What is being asked: Present each line of the entries below that holds the word "Dress".

_ _ _ _

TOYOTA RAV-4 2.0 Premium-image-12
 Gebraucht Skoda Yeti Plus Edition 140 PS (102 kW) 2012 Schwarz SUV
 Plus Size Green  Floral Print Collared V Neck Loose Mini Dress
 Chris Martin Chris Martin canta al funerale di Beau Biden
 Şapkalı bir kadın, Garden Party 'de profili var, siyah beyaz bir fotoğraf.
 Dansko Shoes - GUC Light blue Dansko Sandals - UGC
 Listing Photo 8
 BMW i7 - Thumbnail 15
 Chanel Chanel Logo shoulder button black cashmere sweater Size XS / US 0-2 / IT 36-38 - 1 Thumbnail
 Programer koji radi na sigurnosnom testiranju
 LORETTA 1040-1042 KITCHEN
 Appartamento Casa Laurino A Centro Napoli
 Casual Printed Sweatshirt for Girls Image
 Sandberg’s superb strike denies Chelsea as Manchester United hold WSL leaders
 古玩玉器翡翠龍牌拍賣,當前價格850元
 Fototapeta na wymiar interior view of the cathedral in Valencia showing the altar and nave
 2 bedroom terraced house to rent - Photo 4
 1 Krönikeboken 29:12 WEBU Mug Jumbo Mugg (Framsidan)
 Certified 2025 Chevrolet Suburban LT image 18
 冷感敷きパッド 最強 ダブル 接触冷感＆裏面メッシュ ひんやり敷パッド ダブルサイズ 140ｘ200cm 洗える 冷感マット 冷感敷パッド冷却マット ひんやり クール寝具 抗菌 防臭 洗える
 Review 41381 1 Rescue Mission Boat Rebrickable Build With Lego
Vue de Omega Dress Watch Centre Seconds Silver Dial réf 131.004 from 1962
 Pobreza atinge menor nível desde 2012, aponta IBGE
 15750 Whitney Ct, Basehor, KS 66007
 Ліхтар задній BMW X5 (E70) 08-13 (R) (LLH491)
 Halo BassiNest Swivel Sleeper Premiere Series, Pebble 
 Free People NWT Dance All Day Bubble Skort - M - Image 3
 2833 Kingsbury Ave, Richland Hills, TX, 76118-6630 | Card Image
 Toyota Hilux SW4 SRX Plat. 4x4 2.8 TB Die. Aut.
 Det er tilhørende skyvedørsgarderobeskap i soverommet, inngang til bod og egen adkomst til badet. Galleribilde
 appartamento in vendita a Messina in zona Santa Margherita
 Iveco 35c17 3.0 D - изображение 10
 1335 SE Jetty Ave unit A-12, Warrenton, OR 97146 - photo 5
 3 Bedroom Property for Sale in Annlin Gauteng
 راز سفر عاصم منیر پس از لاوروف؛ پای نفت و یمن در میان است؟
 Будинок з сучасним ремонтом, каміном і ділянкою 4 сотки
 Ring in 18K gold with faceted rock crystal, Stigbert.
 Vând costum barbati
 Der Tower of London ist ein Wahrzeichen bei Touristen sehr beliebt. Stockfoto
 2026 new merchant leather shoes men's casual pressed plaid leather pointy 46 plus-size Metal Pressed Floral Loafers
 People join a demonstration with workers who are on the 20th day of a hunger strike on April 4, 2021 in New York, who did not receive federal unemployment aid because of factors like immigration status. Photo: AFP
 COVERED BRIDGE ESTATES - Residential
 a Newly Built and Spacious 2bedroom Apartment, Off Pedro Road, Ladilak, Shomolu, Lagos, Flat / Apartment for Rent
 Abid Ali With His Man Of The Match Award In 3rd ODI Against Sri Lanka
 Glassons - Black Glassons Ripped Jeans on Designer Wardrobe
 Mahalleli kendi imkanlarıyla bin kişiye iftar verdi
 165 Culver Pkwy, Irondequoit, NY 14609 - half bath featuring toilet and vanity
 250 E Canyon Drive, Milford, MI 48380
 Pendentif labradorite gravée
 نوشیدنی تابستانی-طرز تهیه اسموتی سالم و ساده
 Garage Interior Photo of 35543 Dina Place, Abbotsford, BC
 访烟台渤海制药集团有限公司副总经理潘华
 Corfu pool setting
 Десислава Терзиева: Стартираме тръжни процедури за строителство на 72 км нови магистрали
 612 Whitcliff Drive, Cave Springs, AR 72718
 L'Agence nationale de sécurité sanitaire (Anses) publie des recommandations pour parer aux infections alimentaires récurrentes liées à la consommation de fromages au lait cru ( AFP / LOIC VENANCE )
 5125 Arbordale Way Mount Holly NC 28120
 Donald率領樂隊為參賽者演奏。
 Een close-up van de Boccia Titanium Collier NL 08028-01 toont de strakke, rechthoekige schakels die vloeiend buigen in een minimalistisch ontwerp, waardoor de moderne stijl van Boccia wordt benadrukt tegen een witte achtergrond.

_ _ _ _

Result of the task:
 Plus Size Green  Floral Print Collared V Neck Loose Mini Dress
Vue de Omega Dress Watch Centre Seconds Silver Dial réf 131.004 from 1962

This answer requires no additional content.